CPT divulga relatório de violência no campo
Relatório da CPT indica diminuição de 7% no número de conflitos registrados em 2007 em relação a 2006, mas aponta aumento na quantidade de famílias expulsas da terra e na soma de ameaçados de morte no mesmo período
Verena Glass
Brasília – Principal levantamento do país sobre a violência na zona rural, o 32º relatório anual Conflitos no Campo Brasil 2007 da Comissão Pastoral da Terra (CPT) mostrou uma pequena redução de 7% no número total de casos em território nacional (de 1.657, em 2006. para 1.538, em 2007), acompanhada de um aumento de 140% (de 1.809, em 2006, para 4.340, em 2007) na quantidade de famílias expulsas da terra.
O número de ameaçados de morte também aumentou 25% (de 207, em 2006, para 259, em 2007). “É a oligarquia fazendo justiça pelas próprias mãos”, avalia o geógrafo e professor Carlos Walter Porto Gonçalves, coordenador do Laboratório de Estudos em Movimentos Sociais e Territorialidades da Universidade Federal Fluminense (UFF) e consultor da CPT para a elaboração do relatório.
A ampliação do espaço de ocorrência dessas expulsões também preocupa o pesquisador. Enquanto em 2006, oito estados apresentavam esse tipo de problema, famílias foram expulsas da terra em 14 estados diferentes no ano passado. Em 11 deles, houve exatamente o incremento de ações de natureza privada sem intermediação do poder público e à margem da lei.
Carlos Walter chama atenção para o fato de que seis desses 14 estados – Santa Catarina, Paraná, São Paulo, Minas Gerais, Mato Grosso do Sul e Mato Grosso – fazem parte da área de consolidação da agricultura empresarial, com perspectivas de crescimento ainda maior.
Os casos de violência contra a ocupação e posse – que inclui despejos, expulsões e destruição de bens e pistolagem, geralmente em áreas de pequenos produtores, populações tradicionais, assentamentos e acampamentos – nos estados ricos do Sudeste diminuíram um pouco: 198 casos em 2006 e 190 casos em 2007. O número de famílias atingidas, entretanto, aumentou de 17,3 mil para 19,8 mil no mesmo período (confira quadro geral com os dados comparativos desde o ano de 1998).

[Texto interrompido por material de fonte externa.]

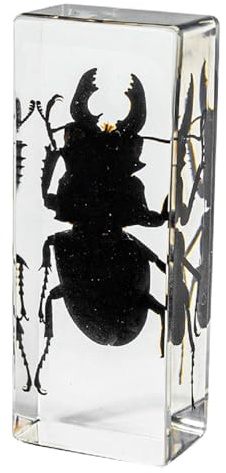 DRXRD Espécimen en Resina, Taxidermia Transparente de Insectos, Decoración de Insectos Ámbar, para la Enseñanza de Las Ciencias en el Aula de Ciencias, Colección y Pisapapeles Stag Beetle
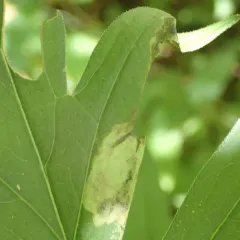 Calycomyza frickiana thumbnail 4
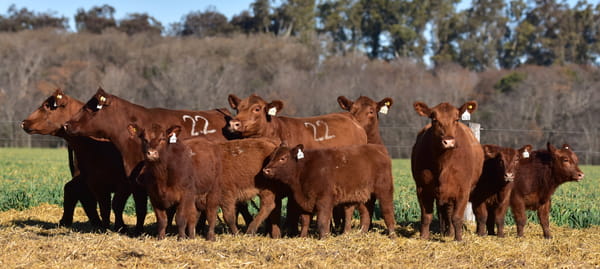 Lote VACA ANGUS PC PARIDA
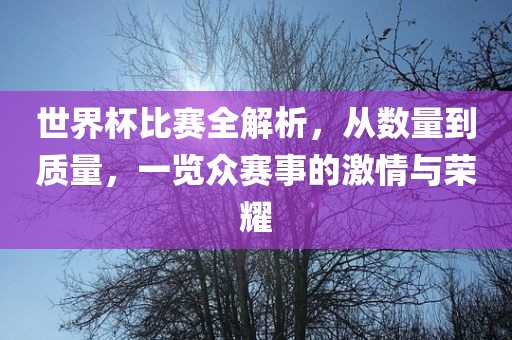 世界杯比赛全解析，从数量到质量，一览众赛事的激情与荣耀漯河市盈旭机械设备有限公司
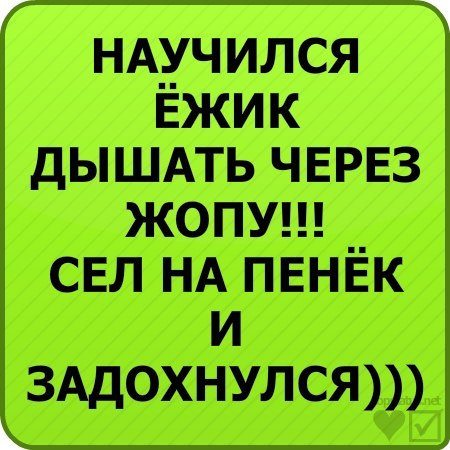 Ежик дышит попой. Научился ёжик дышать анекдот. Анекдот ежик научился дышать попой сел на пенек и задохнулся. Ежик сел на пенек. Ёжик научился дышать попой сел на пенёк.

Nas outras regiões, o número de famílias envolvidas caiu na comparação de 2006 com 2007. No Nordeste, foi de 47 mil para 45,1 mil. No Norte, houve uma queda de 35,1 para 31,8 mil. No Centro-Oeste, passou de 25,7 mil para 11,6 mil famílias envolvidas. E no Sul, tinha 15,3 e recuou para 13,8 mil.
O registro de casos de violência contra a pessoa – assassinatos, tentativas de assassinatos e ameaças de morte – também cresceu apenas no Sudeste: 234, em 2006, e 255, em 2007. Houve 28 assassinatos em todo o país no ano passado, 11 a menos que em 2006. Os assassinatos passaram de 2 para 5 no estados do Centro-Oeste, de 6 para 9 vítimas no Nordeste e de 0 para 2 casos no Sul, incluindo a morte de Valmir Mota de Oliveira, conhecido como Keno, ocorrida durante investida de seguranças privados contra ocupação de propriedade da Syngenta, em Santa Teresa do Oeste (PR). Íris Oliveira, viúva de Keno, esteve presente no lançamento do relatório, realizado em Brasília.

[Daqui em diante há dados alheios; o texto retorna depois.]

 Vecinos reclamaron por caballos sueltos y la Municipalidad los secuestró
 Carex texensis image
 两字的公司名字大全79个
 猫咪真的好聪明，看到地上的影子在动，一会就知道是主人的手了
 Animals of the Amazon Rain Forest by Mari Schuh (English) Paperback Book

Na região Norte, historicamente campeã de assassinatos de trabalhadores rurais, houve uma diminuição de ocorrências de 28 para 10 casos. Segundo a CPT, essa diminuição se deve às intensas mobilizações sociais e de grupos de direitos humanos após o assassinato da irmã Dorothy Stang, em 2005.
Em relação ao trabalho escravo, o documento indica um aumento de ocorrências no país de 262 para 265 casos no período. Nas regiões Sudeste e Centro-Oeste, as ocorrências subiram de de 8 para 14 casos e de 29 para 43 casos, respectivamente. No Nordeste e no Sul, o número permaneceu estável no período, com 43 casos na primeira região e 9 casos na segunda. No Norte, as ocorrências diminuíram de 173 para 156 casos.

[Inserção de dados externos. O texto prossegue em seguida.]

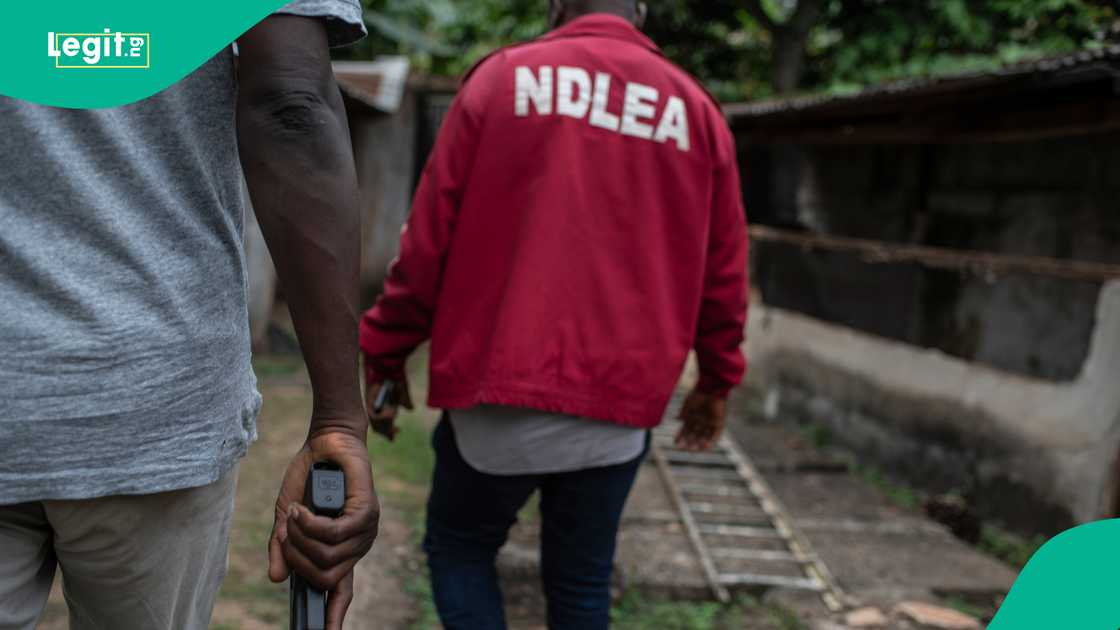 National Drug Law Enforcement Agency, Femi Babafemi, Buba Marwa, Lagos State, Anti-narcotics war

A contabilização dos dados sobre escravidão sinaliza ainda uma grande participação (52%) do setor da cana-de-açúcar no número total de trabalhadores libertados em 2007, como já noticiara a Repórter Brasil em janeiro. Um dos artigos que compõem o relatório Conflitos no Campo Brasil 2007 que versa justamente sobre esse tema é assinado pelo coordenador da Repórter Brasil, Leonardo Sakamoto.
Já o levantamento sobre conflitos pela água aponta um aumento de ocorrências no Sudeste (de 6 para 23 casos), no Nordeste (de 13 para 24 casos), no Norte (de 11 para 21 casos) e no Sul (de 10 para 15 casos), e uma diminuição no Centro-Oeste (de 5 para 4 casos).
As comunidades tradicionais, aponta a CPT, têm sido alvos mais comuns da violência: foram vitimadas em 58% dos casos na Amazônia, 27% dos conflitos no Nordeste e 22% no Sul. Desse total, as comunidades de remanescentes de quilombos estão envolvidas em 20,6% dos conflitos por terra. Já as famílias sem-terra envolvidas em conflitos agrários são maioria no Centro-Sul (70%) e no Nordeste (60%). Na Amazônia, as famílias sem-terra representam 22% dos envolvidas em conflitos.
Modernização da violência
De acordo com Carlos Walter Porto Gonçalves, os dados do relatório apontam ainda para uma mudança no perfil dos agentes da violência. Segundo ele, o latifúndio improdutivo do coronelismo arcaico deu lugar ao moderno agronegócio enquanto principal agente promotor dos conflitos. As regiões com mais aptas ao desenvolvimento da agropecuária de ponta, com uso de tecnologias de última geração e alta lucratividade, têm sido palco prioritário do aumento da violência, adiciona Carlos Walter.
“Observamos, mais uma vez, que a dinâmica imposta por esse modelo de desenvolvimento agrário, baseado nos latifúndios empresariais monocultores de exportação, ideologicamente chamados de agronegócio, têm a violência como componente instituinte”, conclui o geógrafo.